[news.groups] RFD: comp.lang.hermes

lowry@watson.ibm.com (Andy Lowry) (06/10/91)

			Request For Discussion

Proposed New Group:
  Name      : comp.lang.hermes
  Moderated : No
  Charter   : Provide a convenient forum where: (1) users of Hermes
              can share their experiences with the language and
              system; (2) language design issues can be discussed; (3)
              system implementers can announce new releases, bug
              fixes, etc.; (4) language/implementation questions can
              be asked and answered in a manner that will benefit all
              Hermes users; (5) Hermes implementers can solicit user
              feedback to help in planning future development
              directions; (6) researchers and students of programming
              languages, operating systems, and distributed computing
              can learn about Hermes and related work, even if they
              are not activeh#m Hermes users.
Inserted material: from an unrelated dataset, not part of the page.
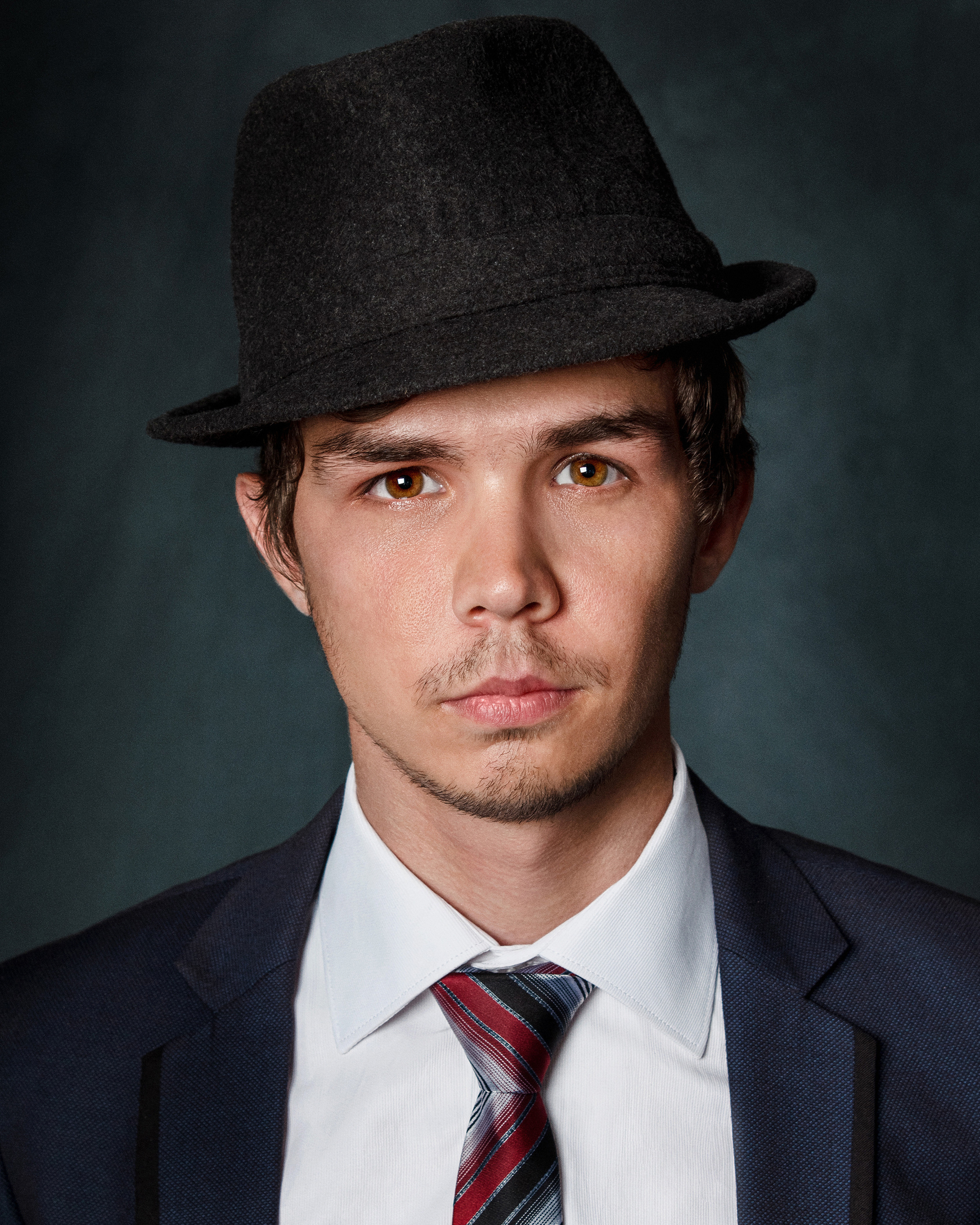 Портрет анфас в студии Рязани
  Discussion Period : Now - June 30, 1991
  Target Voting Period : July 1 - 31, 1991

NOTE: All discussion regarding this proposed newsgroup should take
place on the news.groups newsgroup, NOT on the news groups to which
this RFD has been sent.  If you cannot post to news.groups, you may
send your comments to hermes@watson.ibm.com; unless you request
otherwise, such comments will be forwarded to news.groups.

Unless counter-indicated by the discussions resulting from this RFD, a
call for votes will be issued on or around July 1, 1991, and will be
sent to all the newsgroups to which this RFD has been sent.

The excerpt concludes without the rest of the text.